Elle pose donc la question de Dieu, tout court. De notre représentation de Dieu. En somme de notre foi.

Nous rappelons quelques éléments quant au contenu de la Bible et de son élaboration, pour aborder la question de savoir comment cette Bible peut être considérée comme parole de Dieu.

 

I. Paroles d’hommes

La Bible est-elle une vérité universelle ? Ou est-elle un ensemble de paroles circonstanciées, c’est-à-dire formulées dans des circonstances concrètes ?

Les protestants ont souvent considéré la Bible dans le sens d’une vérité universellement valable au point d’en faire une sorte de Thora au contenu définitif, un enseignement universel, – et normatif! – valable pour tous les temps.
Dans une telle perspective, la Bible est non seulement un livre saint, c’est-à-dire un livre à part (au sens propre su mot saint), différent de tous les autres, hors catégories, mais un livre sacré, représentant quasiment Dieu. Or, si l’objet se trouve ainsi sacralisé, les protestants ne sont-ils pas devenus des idolâtres de la Bible? N’exagérons rien. Mais le danger existe !

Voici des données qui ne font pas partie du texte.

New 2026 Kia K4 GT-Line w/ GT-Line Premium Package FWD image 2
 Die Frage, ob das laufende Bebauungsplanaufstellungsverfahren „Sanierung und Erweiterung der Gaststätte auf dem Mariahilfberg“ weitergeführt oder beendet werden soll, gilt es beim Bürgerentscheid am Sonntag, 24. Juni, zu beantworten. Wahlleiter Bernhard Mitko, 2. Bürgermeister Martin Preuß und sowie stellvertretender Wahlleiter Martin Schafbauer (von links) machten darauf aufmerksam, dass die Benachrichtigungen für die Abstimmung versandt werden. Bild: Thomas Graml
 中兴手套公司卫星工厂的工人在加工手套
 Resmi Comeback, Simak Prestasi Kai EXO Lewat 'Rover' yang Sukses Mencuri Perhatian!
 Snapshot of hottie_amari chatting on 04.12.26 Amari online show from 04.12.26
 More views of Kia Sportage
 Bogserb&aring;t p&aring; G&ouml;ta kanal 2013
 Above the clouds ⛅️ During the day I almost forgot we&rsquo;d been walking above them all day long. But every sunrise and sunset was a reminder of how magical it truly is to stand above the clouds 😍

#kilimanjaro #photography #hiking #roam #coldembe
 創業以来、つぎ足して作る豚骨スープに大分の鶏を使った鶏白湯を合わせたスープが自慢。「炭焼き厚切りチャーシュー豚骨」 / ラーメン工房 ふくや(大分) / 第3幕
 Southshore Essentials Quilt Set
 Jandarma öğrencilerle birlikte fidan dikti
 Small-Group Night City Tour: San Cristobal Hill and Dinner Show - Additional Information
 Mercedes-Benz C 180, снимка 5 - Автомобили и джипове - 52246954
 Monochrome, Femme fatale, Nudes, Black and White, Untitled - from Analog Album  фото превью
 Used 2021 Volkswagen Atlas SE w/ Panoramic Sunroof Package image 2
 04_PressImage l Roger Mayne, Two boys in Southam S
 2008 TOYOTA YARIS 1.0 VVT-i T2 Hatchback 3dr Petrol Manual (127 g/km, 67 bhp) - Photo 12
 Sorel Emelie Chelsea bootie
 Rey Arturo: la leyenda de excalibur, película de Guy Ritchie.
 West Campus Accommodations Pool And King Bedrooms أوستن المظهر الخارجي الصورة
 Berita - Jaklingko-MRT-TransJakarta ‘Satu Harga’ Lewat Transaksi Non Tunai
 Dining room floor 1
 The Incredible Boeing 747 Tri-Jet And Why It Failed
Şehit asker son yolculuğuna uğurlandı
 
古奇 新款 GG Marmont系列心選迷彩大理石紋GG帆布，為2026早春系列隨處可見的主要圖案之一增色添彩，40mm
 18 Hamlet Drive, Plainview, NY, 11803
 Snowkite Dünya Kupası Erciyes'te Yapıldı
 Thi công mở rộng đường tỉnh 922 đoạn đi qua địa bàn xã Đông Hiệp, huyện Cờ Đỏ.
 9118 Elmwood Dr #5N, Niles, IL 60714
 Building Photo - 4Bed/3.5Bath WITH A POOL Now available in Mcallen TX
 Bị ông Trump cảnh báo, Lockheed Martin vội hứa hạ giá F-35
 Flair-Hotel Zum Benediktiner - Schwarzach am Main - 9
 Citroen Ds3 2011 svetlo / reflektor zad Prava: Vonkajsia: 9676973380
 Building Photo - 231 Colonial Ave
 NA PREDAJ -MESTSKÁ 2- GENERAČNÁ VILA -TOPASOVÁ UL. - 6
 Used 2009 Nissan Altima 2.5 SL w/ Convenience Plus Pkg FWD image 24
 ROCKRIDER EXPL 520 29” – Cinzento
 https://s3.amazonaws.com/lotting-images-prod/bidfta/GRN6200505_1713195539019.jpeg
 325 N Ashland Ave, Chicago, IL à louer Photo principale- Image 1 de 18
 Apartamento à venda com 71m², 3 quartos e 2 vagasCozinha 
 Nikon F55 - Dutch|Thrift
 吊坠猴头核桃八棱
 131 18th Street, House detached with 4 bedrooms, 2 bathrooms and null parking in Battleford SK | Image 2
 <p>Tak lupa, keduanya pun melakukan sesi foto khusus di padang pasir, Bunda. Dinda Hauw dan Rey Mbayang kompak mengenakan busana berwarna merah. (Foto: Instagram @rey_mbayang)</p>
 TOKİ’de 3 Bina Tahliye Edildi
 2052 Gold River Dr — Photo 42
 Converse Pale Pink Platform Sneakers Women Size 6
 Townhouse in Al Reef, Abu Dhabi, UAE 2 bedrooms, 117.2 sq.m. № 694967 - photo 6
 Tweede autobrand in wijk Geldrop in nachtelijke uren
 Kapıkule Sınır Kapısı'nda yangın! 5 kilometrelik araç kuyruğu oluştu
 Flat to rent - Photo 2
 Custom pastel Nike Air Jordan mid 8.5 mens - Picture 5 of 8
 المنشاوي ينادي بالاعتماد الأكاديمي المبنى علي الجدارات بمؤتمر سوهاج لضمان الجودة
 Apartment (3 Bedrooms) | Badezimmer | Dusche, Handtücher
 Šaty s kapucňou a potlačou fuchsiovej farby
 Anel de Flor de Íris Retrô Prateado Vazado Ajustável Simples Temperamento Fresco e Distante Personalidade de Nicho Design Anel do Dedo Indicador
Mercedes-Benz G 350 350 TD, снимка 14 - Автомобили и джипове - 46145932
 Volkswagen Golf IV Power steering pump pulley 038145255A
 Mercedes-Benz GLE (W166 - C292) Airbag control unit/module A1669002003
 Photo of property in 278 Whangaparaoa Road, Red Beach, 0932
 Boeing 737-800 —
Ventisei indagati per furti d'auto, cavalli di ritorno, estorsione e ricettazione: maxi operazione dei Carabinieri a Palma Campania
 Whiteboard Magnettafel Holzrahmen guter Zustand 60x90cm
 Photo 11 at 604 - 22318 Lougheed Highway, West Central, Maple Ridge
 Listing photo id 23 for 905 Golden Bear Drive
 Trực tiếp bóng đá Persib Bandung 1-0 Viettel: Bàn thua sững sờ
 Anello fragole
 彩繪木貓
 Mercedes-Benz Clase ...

On a bien prétendu que le christianisme était une des religions du livre. Il est vrai que les protestants attachent à la connaissance de la Bible une importance particulière. Ils ont – avaient ? – le souci de bien « connaître » la Bible et de la faire connaître. La tenue d’une « année de la Bible » veut fournir l’occasion de mieux la découvrir. Des expositions sont proposées par les Eglises. Cependant ne convient-il pas de donner aussi des clés pour mieux approcher et mieux connaître la Bible? Une lecture utile ne peut pas faire l’économie d’une réflexion un peu plus approfondie et de la mise en œuvre de quelques outils d’approche que nous livrent les travaux des spécialistes.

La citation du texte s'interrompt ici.